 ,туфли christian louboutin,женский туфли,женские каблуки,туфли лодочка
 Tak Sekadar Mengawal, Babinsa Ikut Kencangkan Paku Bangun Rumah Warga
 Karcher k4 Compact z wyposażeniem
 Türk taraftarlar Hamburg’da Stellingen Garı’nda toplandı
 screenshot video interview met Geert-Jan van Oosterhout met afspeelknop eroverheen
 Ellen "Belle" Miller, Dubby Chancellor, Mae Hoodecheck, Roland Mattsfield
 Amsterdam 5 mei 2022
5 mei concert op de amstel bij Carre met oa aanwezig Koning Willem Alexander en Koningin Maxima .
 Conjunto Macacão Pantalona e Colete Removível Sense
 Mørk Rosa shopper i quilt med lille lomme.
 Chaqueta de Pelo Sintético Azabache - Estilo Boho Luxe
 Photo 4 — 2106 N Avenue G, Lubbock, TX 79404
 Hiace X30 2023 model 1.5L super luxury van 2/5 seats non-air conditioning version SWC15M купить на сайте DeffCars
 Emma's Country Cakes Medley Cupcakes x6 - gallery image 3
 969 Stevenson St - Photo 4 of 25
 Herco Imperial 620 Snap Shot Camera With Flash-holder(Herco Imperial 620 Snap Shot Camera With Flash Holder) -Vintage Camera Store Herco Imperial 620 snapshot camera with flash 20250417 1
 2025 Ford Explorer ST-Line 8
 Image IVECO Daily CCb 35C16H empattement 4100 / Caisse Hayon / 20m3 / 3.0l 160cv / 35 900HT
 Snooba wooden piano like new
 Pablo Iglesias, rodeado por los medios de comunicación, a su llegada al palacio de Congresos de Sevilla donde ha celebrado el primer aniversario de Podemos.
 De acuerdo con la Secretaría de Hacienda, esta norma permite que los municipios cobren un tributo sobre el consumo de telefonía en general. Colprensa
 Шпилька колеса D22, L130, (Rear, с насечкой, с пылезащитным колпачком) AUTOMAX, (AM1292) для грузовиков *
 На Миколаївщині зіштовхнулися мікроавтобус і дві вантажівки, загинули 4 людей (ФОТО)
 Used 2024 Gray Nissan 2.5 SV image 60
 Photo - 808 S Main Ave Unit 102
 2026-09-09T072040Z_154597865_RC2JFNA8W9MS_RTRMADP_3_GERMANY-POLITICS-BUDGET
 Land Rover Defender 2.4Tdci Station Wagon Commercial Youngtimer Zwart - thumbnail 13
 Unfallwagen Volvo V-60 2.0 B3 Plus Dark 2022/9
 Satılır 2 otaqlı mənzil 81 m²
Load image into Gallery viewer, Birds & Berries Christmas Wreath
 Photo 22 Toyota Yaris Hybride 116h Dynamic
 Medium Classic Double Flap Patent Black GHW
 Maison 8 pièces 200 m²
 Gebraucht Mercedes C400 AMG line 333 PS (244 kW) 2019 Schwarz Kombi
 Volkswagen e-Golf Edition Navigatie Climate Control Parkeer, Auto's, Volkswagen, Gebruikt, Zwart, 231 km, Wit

ASSIGNMENT: Using the listing above, show every line that includes the string "Zwart".

OUTPUT FOR THIS TASK:
 Land Rover Defender 2.4Tdci Station Wagon Commercial Youngtimer Zwart - thumbnail 13
 Volkswagen e-Golf Edition Navigatie Climate Control Parkeer, Auto's, Volkswagen, Gebruikt, Zwart, 231 km, Wit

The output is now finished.